Not only does the study's findings make the case for life on Titan stronger, they also throw another possibility into the debate on how and where life started on Earth. The prevailing view is that water was critical to that event, but water plays no role in the study, as water is frozen on Titan. So, if Titan's atmosphere-- except for the temperature, which might be a major factor-- is similar to early Earth's, and if the basics of life are created in Titan's upper atmosphere without water, then it's possible life on Earth did not, in fact, require water to get started. That, as they say, would be a game changer.

Friday, October 8, 2010

Water In Asteroids

A second asteroid, 65 Cybele, has been found to contain both water and organic molecules. A view is emerging in the scientific community that water may be common on asteroids. If true, it would significantly change how we see the Solar System. First, it would further blur the line between comets and asteroids. If both are small bodies containing volatiles-- water-- the only differences between the two may be location in the Solar System and orbital characteristics.

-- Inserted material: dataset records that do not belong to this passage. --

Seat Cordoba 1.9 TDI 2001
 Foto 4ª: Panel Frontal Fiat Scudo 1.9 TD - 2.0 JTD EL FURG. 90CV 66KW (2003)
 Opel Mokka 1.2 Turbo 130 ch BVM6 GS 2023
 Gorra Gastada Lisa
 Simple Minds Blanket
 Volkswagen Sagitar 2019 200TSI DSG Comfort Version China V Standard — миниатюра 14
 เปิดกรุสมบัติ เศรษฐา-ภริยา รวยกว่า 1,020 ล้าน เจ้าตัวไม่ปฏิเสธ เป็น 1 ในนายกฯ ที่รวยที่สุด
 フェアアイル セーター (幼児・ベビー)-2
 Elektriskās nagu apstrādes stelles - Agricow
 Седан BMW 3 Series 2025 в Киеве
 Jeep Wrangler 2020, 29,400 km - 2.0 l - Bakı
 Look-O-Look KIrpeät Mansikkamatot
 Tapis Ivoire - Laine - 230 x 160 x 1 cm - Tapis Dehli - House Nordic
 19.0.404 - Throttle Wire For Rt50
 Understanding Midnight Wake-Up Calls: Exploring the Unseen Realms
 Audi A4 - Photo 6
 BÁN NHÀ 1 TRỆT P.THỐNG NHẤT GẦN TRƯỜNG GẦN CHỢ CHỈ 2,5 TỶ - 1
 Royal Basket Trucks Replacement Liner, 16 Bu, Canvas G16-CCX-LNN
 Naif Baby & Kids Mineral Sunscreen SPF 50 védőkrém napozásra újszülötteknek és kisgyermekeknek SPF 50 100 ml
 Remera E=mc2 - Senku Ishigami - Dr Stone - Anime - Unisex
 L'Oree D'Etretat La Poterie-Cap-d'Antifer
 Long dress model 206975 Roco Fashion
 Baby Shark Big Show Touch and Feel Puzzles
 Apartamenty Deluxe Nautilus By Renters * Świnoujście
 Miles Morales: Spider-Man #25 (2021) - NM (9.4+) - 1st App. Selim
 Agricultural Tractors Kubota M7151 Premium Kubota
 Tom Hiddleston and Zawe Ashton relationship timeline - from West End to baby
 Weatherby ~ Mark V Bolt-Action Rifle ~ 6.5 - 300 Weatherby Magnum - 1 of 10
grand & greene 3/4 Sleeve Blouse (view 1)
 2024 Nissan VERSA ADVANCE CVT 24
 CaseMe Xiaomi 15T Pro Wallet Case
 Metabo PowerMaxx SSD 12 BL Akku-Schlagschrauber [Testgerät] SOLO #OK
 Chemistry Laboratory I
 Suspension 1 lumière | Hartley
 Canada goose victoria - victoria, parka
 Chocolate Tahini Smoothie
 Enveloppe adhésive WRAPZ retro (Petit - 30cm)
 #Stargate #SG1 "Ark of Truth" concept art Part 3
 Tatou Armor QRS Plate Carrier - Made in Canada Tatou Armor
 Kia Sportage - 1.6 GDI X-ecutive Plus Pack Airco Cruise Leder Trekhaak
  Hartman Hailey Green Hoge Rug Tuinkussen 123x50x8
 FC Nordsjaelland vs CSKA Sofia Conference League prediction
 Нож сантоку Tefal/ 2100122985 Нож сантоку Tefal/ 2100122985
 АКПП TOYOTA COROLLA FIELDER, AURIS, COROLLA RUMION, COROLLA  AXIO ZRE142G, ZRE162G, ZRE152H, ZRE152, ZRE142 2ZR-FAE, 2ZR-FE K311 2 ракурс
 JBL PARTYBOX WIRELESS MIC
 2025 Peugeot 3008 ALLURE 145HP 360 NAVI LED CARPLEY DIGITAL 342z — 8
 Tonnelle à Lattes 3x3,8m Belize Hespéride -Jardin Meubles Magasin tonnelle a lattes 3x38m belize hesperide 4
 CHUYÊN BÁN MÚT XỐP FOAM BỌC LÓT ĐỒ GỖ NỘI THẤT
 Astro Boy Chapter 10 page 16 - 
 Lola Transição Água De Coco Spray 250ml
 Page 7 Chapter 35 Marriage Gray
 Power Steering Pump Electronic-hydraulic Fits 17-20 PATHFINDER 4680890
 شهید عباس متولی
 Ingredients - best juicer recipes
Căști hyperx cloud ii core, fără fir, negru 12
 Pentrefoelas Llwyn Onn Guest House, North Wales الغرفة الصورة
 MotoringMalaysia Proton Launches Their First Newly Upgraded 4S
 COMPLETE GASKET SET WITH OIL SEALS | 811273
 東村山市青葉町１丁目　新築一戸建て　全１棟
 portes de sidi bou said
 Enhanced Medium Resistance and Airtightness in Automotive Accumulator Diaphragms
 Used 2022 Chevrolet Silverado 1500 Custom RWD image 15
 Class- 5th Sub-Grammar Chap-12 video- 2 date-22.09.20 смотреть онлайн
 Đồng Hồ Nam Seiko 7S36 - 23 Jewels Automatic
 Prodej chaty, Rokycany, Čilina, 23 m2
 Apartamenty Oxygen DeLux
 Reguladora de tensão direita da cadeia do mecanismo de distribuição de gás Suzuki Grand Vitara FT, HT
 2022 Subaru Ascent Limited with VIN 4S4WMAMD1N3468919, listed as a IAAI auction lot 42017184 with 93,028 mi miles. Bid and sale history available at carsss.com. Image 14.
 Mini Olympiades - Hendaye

Second, the discovery that water may be common in asteroids strengthens the theory that water, and possibly life, came to Earth from outside.

Third, if substantial amounts of water are easily accessible throughout the Solar System, exploring and settling space would be much easier. Water could be used as water, or split into its hydrogen and oxygen components and used as rocket fuel, or the oxygen could be used for breathing while hydrogen is used in another way. Water and rock are also good protection against radiation. Eventually, too, asteroids laden with water ice could be moved to where the water was needed. Space could be open to humanity.

Thursday, October 7, 2010

Chemistry On Europa

A new study suggests that Jupiter's moon Europa may support chemical reactions both on its icy surface and below the surface, beyond the reach of sunlight. Scientists have found that water and sulfur dioxide react easily and quickly even in the extreme cold that reigns on Europa. The sulfur involved, in one of Nature's amazing twists, seems to come from the volcanic eruptions on another of Jupiter's moons, the volatile Io.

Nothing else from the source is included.